Cruising Sailors Forum Archive

we call it the Larry Line

I forget which magazine I saw it in but the author named this technique after a friend of his, Larry. I have a line holder attached to the post on our finger pier, nothing fancy, just an "S" shaped piece of PVC held to the post with SS hose clamps. My regular dock lines are gold double braid, the Larry Line is blue so no confusion.

The drill is to come in dead slow parallel to the finger pier (dock), pluck the Larry Line off the PVC and drop it over the aft mooring cleat. I usually click the gearshift into reverse at this point just to slow even more, then back to neutral. Once the Larry Line is taut, forward gear at idle, wheel turned away from the dock. The boat comes nicely into two dock boards I have attached to the pier, each has a piece of starboard attached at the same height as my rubrail. I found that coming in too fast will cause a rebound from the Larry Line. The line pulls the boat into the dock, turning the wheel away and the engine in gear keeps the boat against the dock until the regular docklines are secure.

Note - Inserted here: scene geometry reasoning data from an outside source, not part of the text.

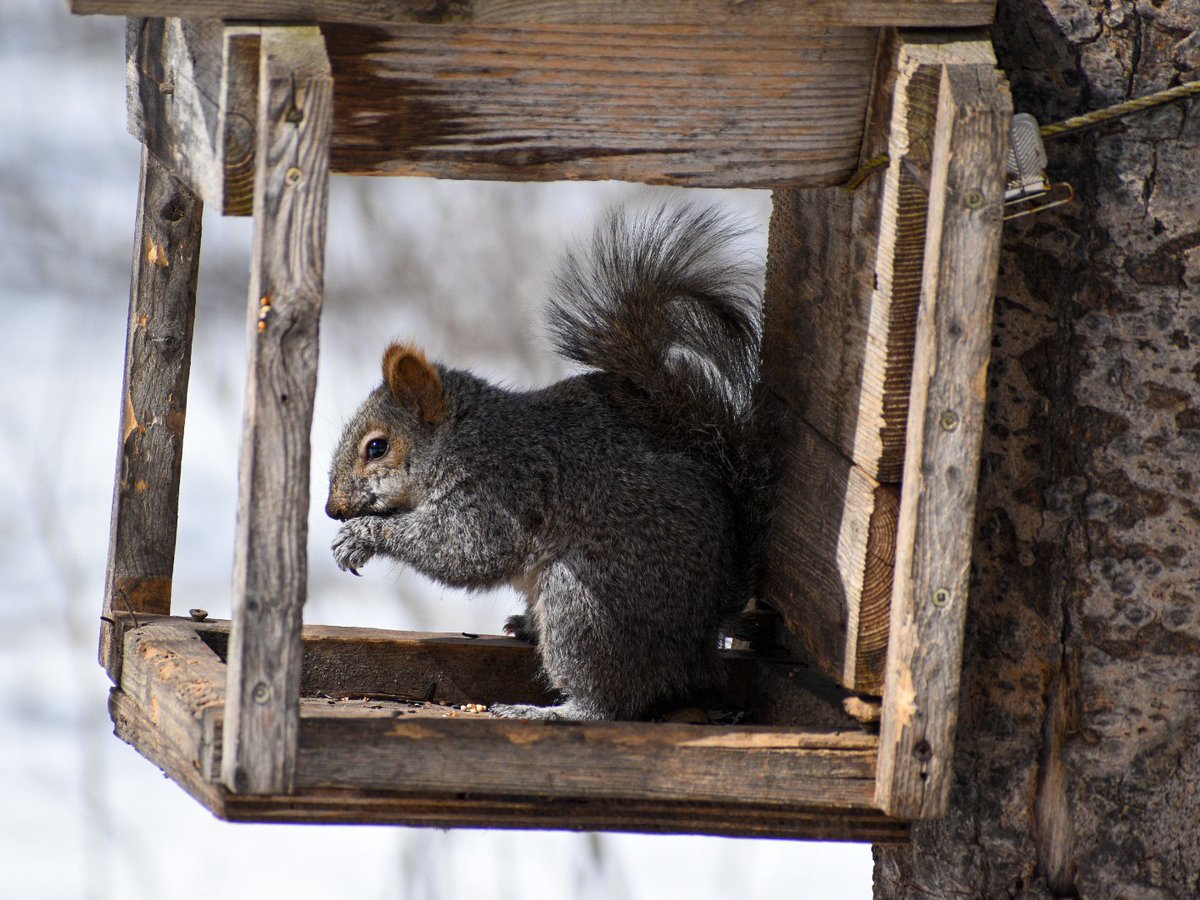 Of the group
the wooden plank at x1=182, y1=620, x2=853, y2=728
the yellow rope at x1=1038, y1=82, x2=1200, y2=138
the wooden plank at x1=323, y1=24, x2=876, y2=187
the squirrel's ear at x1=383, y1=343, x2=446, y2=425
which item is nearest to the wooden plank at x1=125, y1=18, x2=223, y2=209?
the wooden plank at x1=323, y1=24, x2=876, y2=187

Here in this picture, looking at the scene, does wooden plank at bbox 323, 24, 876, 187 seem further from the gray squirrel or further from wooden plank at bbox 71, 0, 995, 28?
the gray squirrel

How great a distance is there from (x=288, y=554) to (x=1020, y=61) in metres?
1.03

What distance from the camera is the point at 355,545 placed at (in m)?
2.21

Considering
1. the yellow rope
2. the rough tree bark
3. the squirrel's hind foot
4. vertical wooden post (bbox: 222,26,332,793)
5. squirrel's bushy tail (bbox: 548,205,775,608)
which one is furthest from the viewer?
squirrel's bushy tail (bbox: 548,205,775,608)

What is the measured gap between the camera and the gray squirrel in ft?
6.79

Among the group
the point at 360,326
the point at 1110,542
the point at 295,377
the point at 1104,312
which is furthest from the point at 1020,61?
the point at 360,326

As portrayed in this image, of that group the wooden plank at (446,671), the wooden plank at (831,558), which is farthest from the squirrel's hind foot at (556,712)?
the wooden plank at (831,558)

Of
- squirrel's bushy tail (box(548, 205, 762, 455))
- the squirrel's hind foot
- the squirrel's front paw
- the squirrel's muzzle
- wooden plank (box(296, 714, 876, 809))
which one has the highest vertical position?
squirrel's bushy tail (box(548, 205, 762, 455))

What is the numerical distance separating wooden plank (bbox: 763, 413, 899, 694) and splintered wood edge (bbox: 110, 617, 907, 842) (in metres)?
0.17

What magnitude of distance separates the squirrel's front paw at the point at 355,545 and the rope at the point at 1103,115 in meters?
0.88

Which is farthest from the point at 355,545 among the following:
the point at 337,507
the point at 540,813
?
the point at 540,813

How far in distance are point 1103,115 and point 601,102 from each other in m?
0.56

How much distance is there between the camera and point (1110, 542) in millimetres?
1830

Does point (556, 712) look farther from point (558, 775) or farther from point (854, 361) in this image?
point (854, 361) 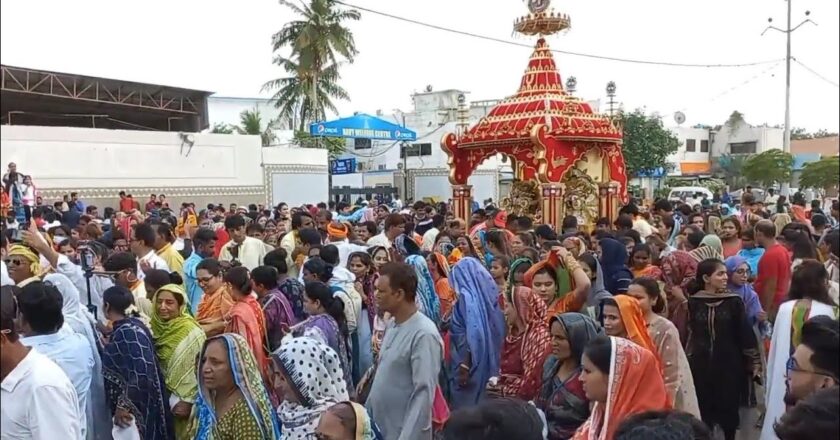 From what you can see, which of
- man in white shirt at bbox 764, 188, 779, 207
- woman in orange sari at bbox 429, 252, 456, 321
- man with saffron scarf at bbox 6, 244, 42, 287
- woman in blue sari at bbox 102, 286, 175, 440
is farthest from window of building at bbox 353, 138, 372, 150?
woman in blue sari at bbox 102, 286, 175, 440

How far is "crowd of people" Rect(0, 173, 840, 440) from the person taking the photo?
248 centimetres

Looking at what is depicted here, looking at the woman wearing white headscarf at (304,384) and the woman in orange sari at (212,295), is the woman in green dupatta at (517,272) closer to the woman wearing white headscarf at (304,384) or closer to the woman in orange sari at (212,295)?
the woman in orange sari at (212,295)

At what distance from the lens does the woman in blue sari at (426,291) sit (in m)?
5.46

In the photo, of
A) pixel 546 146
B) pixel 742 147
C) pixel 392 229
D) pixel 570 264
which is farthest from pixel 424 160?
pixel 570 264

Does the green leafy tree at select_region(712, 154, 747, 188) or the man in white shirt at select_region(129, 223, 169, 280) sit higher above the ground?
the green leafy tree at select_region(712, 154, 747, 188)

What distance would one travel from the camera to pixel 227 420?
10.0 ft

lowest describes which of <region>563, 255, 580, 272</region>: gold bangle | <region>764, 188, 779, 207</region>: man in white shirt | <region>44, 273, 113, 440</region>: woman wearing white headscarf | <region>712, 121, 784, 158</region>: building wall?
<region>44, 273, 113, 440</region>: woman wearing white headscarf

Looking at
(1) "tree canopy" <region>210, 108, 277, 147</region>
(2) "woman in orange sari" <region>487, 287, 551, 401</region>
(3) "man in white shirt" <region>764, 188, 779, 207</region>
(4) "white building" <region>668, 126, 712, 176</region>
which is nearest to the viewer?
(2) "woman in orange sari" <region>487, 287, 551, 401</region>

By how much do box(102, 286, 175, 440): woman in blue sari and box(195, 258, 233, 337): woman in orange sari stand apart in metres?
0.97

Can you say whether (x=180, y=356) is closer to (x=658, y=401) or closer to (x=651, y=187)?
(x=658, y=401)

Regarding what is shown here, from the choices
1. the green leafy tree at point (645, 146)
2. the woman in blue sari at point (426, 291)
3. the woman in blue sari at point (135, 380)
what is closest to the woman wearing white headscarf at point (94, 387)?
the woman in blue sari at point (135, 380)

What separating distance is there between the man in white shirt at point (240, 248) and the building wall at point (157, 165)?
8230 millimetres

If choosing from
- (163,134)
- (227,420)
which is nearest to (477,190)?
(163,134)

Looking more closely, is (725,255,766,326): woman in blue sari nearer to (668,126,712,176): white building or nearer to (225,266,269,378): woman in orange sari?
(225,266,269,378): woman in orange sari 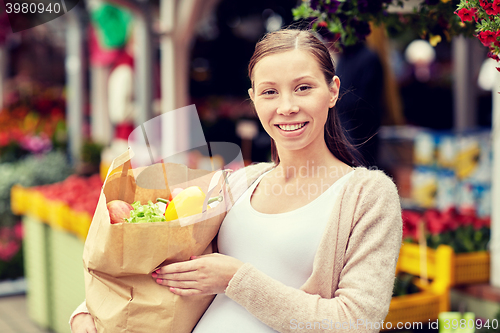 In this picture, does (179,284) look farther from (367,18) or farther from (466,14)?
(367,18)

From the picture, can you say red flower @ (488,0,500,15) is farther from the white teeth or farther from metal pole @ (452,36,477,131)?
metal pole @ (452,36,477,131)

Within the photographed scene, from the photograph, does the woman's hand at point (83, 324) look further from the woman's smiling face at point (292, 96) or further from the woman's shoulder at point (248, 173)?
the woman's smiling face at point (292, 96)

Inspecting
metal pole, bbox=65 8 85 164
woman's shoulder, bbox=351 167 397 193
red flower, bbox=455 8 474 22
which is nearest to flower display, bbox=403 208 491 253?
woman's shoulder, bbox=351 167 397 193

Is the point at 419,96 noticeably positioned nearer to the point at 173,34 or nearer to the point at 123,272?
the point at 173,34

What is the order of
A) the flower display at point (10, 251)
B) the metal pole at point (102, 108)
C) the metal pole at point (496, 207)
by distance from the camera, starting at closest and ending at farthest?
the metal pole at point (496, 207) < the flower display at point (10, 251) < the metal pole at point (102, 108)

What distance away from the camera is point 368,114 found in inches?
119

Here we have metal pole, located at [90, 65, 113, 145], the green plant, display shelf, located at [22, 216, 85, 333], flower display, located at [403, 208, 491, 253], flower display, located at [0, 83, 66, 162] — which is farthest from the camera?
metal pole, located at [90, 65, 113, 145]

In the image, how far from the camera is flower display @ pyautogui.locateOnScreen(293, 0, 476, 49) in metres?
1.62

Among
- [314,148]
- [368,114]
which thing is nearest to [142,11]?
[368,114]

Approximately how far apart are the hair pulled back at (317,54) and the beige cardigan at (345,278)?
0.19 m

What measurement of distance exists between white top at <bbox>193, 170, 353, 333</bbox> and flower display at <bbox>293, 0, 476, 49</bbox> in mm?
578

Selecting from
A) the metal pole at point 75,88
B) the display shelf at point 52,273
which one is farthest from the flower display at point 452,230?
the metal pole at point 75,88

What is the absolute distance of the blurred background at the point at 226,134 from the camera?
286 centimetres

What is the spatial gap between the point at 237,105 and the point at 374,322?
9065 millimetres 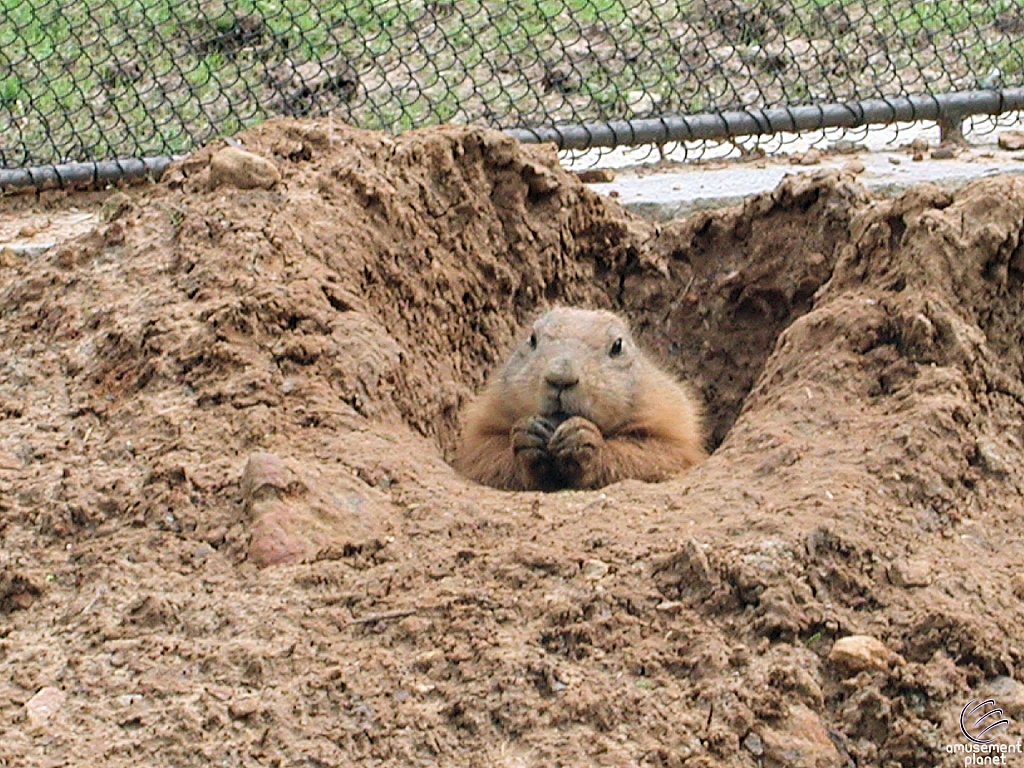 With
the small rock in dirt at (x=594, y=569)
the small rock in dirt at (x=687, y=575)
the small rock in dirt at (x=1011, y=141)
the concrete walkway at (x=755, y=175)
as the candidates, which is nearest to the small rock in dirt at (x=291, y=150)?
the concrete walkway at (x=755, y=175)

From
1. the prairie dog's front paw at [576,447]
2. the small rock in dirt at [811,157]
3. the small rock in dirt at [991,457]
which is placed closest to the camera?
the small rock in dirt at [991,457]

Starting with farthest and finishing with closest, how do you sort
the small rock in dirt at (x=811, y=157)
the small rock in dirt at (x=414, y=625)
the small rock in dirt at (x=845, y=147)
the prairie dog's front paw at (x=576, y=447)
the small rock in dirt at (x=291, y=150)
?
the small rock in dirt at (x=845, y=147) < the small rock in dirt at (x=811, y=157) < the small rock in dirt at (x=291, y=150) < the prairie dog's front paw at (x=576, y=447) < the small rock in dirt at (x=414, y=625)

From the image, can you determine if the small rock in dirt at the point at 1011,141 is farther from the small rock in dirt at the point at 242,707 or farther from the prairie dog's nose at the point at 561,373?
the small rock in dirt at the point at 242,707

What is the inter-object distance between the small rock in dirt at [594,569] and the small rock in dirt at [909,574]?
0.70 meters

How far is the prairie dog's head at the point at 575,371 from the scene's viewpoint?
5.70 metres

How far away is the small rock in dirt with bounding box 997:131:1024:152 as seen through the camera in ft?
30.3

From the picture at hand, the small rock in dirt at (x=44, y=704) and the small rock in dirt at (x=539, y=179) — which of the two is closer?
the small rock in dirt at (x=44, y=704)

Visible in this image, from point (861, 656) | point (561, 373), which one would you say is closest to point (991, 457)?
point (861, 656)

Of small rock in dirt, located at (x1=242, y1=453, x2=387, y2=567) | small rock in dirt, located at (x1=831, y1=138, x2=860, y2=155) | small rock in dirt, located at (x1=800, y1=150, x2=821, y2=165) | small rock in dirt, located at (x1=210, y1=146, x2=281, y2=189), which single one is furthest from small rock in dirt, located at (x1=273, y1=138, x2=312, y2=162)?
small rock in dirt, located at (x1=831, y1=138, x2=860, y2=155)

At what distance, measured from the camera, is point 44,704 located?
343cm

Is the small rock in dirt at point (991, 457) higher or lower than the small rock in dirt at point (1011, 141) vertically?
higher

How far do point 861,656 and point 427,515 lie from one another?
1.28 metres

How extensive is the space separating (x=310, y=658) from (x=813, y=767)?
3.74ft

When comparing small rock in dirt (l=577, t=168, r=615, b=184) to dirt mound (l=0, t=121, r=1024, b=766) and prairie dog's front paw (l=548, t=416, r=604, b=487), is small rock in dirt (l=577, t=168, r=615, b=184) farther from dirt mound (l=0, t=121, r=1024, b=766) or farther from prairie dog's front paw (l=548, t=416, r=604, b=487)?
prairie dog's front paw (l=548, t=416, r=604, b=487) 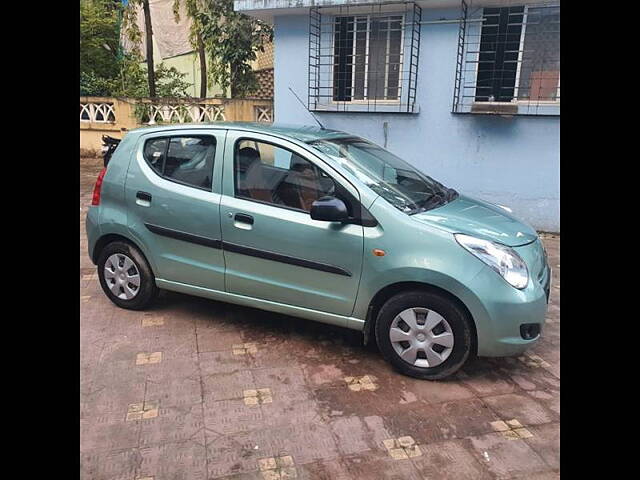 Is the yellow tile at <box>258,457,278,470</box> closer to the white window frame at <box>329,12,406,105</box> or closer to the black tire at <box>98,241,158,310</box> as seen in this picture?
the black tire at <box>98,241,158,310</box>

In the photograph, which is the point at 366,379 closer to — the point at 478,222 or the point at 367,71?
the point at 478,222

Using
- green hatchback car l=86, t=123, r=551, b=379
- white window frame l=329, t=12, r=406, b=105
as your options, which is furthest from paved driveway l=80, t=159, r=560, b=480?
white window frame l=329, t=12, r=406, b=105

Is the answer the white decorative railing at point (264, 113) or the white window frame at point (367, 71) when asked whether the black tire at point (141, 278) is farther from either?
the white decorative railing at point (264, 113)

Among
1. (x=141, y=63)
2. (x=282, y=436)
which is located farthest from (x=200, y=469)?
(x=141, y=63)

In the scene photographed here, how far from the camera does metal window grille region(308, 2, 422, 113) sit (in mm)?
7078

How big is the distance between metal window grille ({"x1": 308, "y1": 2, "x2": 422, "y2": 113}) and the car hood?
3897 mm

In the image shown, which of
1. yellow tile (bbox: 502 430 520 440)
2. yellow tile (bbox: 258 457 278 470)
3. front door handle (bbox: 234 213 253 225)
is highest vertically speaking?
front door handle (bbox: 234 213 253 225)

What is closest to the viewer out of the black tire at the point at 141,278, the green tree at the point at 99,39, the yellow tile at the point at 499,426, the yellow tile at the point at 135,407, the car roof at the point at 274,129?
the yellow tile at the point at 499,426

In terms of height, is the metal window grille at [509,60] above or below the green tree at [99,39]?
below

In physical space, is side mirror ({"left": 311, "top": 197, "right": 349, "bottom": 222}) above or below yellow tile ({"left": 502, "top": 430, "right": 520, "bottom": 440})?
above

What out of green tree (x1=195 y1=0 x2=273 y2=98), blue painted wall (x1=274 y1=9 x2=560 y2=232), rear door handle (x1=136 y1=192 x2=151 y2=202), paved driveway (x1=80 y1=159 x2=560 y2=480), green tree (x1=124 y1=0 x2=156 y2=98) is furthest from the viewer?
green tree (x1=124 y1=0 x2=156 y2=98)

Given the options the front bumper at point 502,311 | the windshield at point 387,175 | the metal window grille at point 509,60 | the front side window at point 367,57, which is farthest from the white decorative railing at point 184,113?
the front bumper at point 502,311

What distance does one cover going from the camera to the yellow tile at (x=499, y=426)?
2823 mm

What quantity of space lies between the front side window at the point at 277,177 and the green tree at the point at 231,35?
763 centimetres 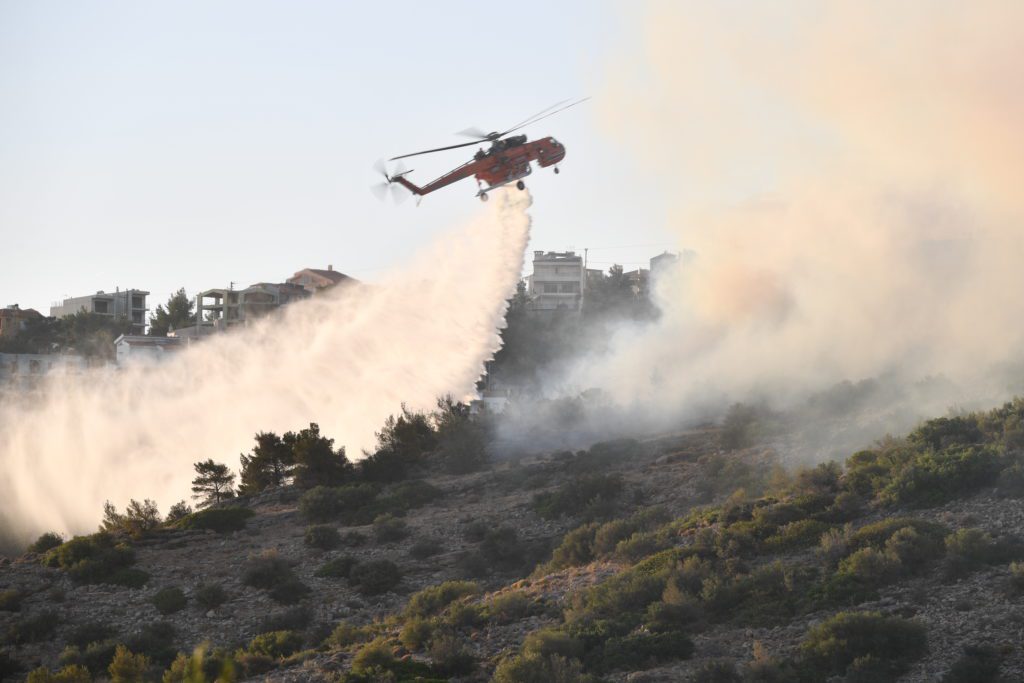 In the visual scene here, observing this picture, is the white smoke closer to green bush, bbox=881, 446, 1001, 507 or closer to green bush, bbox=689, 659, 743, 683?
green bush, bbox=881, 446, 1001, 507

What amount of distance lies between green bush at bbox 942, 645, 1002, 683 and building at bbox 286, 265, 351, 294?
120 metres

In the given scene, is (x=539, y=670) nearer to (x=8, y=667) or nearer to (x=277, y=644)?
(x=277, y=644)

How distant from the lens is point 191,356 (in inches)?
3113

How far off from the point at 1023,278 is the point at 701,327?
21624 mm

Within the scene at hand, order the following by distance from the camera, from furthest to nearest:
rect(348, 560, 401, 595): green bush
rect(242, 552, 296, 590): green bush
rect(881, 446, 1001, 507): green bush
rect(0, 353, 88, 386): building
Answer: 1. rect(0, 353, 88, 386): building
2. rect(242, 552, 296, 590): green bush
3. rect(348, 560, 401, 595): green bush
4. rect(881, 446, 1001, 507): green bush

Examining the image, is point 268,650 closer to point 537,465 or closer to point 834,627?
point 834,627

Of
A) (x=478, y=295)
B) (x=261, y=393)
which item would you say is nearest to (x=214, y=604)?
(x=478, y=295)

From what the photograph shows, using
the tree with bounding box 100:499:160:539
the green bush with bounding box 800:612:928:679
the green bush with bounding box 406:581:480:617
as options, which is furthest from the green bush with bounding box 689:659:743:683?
the tree with bounding box 100:499:160:539

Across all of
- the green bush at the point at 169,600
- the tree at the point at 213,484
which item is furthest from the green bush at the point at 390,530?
the tree at the point at 213,484

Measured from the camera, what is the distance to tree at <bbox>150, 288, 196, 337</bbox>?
150m

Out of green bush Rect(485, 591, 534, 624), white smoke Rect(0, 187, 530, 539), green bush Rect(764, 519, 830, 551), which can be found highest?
white smoke Rect(0, 187, 530, 539)

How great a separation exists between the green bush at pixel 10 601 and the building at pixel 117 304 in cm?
12881

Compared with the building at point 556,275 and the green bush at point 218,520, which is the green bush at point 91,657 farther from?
the building at point 556,275

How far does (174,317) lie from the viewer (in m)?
152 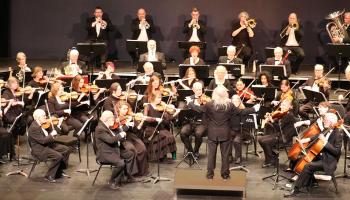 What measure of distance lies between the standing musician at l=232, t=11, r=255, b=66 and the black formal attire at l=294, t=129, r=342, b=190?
16.7 ft

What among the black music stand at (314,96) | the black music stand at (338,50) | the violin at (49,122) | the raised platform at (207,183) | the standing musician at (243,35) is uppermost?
the standing musician at (243,35)

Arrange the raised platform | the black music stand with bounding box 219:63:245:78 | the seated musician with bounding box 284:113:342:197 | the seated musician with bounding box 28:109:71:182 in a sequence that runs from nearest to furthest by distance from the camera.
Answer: the raised platform → the seated musician with bounding box 284:113:342:197 → the seated musician with bounding box 28:109:71:182 → the black music stand with bounding box 219:63:245:78

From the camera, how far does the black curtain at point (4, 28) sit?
621 inches

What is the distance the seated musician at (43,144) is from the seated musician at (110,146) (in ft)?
2.23

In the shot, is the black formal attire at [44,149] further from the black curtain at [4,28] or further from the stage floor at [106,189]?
Answer: the black curtain at [4,28]

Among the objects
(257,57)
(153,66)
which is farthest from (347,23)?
(153,66)

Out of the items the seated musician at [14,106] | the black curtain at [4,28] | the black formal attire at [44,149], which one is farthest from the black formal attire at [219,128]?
the black curtain at [4,28]

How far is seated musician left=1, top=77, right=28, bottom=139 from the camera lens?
10562mm

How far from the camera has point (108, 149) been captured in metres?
9.23

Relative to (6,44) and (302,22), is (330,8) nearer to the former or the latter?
(302,22)

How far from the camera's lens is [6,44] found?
16047mm

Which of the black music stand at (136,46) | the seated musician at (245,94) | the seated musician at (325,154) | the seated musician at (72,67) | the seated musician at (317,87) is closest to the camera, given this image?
the seated musician at (325,154)

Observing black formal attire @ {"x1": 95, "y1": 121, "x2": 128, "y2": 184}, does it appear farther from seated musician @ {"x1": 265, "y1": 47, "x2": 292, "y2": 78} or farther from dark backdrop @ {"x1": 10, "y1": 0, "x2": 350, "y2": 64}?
dark backdrop @ {"x1": 10, "y1": 0, "x2": 350, "y2": 64}

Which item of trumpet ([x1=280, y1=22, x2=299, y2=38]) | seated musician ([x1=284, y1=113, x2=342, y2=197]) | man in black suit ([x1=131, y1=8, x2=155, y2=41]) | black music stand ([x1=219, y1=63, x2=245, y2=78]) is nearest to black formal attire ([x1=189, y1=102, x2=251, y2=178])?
seated musician ([x1=284, y1=113, x2=342, y2=197]) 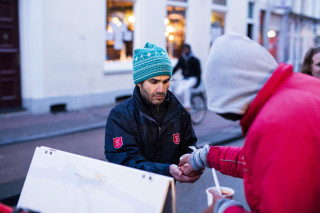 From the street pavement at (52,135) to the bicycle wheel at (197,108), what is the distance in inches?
7.7

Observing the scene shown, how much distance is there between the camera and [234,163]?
212 centimetres

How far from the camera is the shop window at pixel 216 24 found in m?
15.7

We started using this technique a few years ago and it has worked like a champ ever since. It takes the majority of the drama out of docking. Neither the admiral or I are getting any younger or any more agile. The biggest issue we had to overcome was convincing the admiral to remain seated until the boat has come to a complete stop. She was used to jumping onto the dock with bow and stern docklines in hand. The pre-docking warning is now "no running, no jumping, no flying through the air".